Vous êtes né en 1967 à Terracina, comment est venu votre attrait pour la musique et, en particulier, pour le jazz ?
Grâce à mon frère, il était passionné par un saxophoniste de musique commerciale. C’est lui qui a choisi l’instrument pour moi. J’étais un enfant turbulent, alors, vers dix ans, ma mère m’a traîné par l’oreille au cours de musique. Au départ, personnellement, je n’en avais pas envie, j’aimais mieux jouer dans la rue. Après quelques semaines, j’en ai été tellement enchanté que c’est devenu une véritable passion. J’ai d’abord joué dans la banda de Terracina, mon village natal puis un ami m’a appris à jouer du jazz et m’a fait découvrir Charlie Parker.

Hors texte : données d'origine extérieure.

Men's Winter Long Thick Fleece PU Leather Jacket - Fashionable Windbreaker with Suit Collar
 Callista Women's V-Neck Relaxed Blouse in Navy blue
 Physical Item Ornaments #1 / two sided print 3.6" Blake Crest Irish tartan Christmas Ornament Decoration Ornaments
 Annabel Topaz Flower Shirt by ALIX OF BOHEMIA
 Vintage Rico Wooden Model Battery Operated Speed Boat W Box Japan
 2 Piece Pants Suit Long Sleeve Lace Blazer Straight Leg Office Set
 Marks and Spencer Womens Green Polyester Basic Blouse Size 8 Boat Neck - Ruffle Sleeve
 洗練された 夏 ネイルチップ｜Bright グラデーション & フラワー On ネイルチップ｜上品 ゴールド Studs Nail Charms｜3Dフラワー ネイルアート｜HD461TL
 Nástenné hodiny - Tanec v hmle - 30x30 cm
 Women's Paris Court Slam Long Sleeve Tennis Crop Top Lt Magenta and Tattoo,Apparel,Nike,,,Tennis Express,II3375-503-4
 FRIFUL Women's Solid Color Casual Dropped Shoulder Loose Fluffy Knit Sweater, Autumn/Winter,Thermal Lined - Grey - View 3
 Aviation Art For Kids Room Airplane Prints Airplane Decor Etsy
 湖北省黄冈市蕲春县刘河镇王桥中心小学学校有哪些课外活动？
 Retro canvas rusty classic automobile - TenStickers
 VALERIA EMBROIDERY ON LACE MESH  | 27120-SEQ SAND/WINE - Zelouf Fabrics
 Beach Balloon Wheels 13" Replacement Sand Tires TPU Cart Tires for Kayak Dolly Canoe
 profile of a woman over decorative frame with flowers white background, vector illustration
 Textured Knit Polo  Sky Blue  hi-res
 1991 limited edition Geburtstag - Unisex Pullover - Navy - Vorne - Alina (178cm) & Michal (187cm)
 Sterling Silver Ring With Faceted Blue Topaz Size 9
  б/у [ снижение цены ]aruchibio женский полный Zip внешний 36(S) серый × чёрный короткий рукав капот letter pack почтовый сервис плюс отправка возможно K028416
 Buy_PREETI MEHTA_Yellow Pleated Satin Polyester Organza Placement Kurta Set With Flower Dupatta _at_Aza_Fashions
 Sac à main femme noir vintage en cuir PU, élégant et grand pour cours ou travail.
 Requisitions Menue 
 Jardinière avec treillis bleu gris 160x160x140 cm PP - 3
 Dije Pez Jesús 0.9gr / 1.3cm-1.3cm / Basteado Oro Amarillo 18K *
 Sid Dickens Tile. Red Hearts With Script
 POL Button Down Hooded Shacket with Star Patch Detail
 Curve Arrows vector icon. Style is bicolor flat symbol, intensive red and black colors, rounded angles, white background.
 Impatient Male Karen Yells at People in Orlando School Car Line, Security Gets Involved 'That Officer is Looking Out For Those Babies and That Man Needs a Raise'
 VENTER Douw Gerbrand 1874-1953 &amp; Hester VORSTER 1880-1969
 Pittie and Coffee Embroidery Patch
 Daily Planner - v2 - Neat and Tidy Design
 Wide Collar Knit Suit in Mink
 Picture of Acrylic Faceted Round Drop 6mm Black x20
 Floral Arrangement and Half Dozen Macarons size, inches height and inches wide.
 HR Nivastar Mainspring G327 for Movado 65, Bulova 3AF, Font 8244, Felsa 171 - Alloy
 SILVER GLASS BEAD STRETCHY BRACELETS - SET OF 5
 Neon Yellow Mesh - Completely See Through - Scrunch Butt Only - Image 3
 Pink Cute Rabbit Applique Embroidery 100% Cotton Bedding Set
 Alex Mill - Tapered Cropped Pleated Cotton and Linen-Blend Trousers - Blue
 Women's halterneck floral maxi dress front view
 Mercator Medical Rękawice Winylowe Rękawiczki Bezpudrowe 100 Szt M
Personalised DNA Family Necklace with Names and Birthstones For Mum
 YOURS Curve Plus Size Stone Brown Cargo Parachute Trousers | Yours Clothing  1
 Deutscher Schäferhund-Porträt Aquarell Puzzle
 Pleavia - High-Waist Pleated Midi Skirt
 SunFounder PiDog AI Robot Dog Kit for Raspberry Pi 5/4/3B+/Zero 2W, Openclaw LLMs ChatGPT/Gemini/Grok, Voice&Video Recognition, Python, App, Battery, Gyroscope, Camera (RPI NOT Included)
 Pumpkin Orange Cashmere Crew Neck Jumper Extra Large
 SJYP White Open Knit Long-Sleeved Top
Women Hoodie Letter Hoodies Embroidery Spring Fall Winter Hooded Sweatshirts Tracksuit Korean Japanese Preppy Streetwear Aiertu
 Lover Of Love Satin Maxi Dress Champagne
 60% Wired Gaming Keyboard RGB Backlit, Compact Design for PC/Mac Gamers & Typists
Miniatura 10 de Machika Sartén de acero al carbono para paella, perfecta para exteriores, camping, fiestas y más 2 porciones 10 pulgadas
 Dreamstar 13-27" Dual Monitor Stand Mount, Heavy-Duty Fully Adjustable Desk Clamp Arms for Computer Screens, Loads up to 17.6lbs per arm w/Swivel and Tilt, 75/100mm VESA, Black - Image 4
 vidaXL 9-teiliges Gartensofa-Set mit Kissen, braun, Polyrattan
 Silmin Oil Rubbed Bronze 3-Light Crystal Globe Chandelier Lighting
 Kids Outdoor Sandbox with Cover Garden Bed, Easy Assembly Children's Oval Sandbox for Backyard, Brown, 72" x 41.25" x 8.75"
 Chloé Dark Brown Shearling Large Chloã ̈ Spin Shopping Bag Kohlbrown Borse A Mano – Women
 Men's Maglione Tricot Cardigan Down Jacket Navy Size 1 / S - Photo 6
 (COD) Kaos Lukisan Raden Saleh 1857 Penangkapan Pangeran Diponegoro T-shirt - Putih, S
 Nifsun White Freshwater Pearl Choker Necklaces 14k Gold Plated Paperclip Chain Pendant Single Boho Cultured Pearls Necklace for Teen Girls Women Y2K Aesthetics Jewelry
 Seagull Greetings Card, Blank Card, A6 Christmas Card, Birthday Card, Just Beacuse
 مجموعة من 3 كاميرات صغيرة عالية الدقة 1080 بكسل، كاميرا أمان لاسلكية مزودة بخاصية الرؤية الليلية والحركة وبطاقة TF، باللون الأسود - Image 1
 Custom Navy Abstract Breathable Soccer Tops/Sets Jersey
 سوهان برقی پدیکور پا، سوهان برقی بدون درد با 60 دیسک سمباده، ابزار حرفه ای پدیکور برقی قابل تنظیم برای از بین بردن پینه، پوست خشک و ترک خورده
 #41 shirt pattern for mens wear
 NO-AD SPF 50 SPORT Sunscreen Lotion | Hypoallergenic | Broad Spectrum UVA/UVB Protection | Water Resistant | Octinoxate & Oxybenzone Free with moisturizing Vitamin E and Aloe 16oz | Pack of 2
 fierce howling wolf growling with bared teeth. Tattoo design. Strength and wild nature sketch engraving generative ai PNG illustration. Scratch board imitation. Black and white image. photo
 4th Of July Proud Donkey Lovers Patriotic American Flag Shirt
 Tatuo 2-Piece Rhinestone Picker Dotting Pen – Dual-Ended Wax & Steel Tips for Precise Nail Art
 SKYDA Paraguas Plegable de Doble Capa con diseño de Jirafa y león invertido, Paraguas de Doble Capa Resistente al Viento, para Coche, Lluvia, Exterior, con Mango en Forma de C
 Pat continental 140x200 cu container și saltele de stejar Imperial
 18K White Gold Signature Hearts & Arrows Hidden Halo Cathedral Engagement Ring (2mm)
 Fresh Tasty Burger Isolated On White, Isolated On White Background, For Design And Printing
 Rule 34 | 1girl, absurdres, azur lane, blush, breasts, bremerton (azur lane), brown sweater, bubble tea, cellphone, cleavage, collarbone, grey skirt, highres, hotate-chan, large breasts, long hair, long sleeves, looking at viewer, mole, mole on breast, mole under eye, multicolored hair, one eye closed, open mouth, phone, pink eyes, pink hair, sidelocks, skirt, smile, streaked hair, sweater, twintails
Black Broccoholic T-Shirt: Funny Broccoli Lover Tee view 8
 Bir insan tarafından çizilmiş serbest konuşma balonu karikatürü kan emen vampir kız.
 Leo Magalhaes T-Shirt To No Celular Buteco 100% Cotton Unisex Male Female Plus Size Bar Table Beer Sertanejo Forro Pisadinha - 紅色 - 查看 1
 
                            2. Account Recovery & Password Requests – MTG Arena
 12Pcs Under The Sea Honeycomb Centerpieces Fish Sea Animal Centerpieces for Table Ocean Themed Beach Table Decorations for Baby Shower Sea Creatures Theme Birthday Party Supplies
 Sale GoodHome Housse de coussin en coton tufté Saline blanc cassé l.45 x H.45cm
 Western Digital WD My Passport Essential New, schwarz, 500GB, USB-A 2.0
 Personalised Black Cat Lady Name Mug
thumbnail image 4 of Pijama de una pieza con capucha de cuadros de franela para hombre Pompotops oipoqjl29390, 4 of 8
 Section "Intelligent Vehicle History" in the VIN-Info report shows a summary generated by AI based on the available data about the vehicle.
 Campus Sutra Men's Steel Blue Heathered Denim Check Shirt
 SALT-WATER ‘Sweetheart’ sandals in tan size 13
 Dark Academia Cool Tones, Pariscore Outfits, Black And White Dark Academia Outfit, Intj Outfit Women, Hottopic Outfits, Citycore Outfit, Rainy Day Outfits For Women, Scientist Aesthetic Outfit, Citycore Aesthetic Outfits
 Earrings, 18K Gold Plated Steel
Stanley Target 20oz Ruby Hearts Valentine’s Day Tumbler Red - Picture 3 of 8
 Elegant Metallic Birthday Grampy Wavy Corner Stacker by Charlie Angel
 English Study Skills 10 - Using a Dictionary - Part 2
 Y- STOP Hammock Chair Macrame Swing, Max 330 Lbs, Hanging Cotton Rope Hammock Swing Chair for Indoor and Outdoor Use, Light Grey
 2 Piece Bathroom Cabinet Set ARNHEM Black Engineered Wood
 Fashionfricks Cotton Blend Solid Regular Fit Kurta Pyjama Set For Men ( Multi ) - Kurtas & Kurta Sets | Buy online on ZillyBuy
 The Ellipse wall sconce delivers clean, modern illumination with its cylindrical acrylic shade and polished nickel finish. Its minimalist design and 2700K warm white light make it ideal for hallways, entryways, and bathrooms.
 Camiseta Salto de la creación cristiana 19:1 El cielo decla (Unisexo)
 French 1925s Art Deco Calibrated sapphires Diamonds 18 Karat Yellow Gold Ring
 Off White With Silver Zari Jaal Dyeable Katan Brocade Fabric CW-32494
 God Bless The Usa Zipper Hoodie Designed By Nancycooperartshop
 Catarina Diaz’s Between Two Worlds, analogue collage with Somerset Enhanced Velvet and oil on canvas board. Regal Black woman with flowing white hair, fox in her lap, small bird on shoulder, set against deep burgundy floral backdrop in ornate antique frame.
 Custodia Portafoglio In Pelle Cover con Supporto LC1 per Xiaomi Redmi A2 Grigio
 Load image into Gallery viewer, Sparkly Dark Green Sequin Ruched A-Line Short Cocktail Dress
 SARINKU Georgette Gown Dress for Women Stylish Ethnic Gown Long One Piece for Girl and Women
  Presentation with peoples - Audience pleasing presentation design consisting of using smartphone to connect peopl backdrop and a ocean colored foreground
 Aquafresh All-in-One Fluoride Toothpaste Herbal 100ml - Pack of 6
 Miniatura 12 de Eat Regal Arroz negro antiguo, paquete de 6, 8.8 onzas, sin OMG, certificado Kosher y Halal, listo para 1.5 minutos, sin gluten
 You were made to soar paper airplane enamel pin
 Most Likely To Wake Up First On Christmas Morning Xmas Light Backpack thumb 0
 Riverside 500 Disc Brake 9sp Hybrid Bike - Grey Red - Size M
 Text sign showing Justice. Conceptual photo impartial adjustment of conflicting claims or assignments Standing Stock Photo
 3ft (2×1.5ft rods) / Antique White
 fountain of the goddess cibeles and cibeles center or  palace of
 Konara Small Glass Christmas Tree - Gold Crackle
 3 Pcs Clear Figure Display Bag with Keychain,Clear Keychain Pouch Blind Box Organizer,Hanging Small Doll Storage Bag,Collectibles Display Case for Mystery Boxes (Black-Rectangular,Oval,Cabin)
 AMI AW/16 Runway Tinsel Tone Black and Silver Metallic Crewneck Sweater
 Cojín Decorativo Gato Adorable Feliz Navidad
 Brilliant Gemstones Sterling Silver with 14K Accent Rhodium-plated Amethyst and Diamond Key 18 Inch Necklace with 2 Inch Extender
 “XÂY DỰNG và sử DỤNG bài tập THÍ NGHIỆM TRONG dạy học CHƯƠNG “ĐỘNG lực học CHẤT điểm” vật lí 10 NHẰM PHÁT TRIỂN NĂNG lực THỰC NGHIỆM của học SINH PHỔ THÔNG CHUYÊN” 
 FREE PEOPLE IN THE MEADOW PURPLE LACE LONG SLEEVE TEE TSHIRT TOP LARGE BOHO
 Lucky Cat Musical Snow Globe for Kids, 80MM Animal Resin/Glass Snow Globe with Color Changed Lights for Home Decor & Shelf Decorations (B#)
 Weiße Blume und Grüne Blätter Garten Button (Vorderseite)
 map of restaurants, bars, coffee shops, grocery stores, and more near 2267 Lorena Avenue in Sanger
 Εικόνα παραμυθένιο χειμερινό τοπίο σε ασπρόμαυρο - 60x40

De 1982 à 87, vous avez suivi les cours au Conservatoire de Frosinone: avec quel professeur ?
Mon maître était Baldo Maestre, un grand professeur pour la musique comme pour la vie. Il était le premier saxophone contralto de la RAI. Il m’a appris à être un vrai professionnel. Après sa pension, pour les deux dernières années de mon cursus, j’ai eu un autre professeur, Alfredo Santoloci qui est devenu, par après, le directeur du Conservatoire Santa Cecilia à Rome où j’enseigne maintenant.
Enrico Pieranunzi n’a-t-il pas enseigné au Conservatoire de Frosinone ?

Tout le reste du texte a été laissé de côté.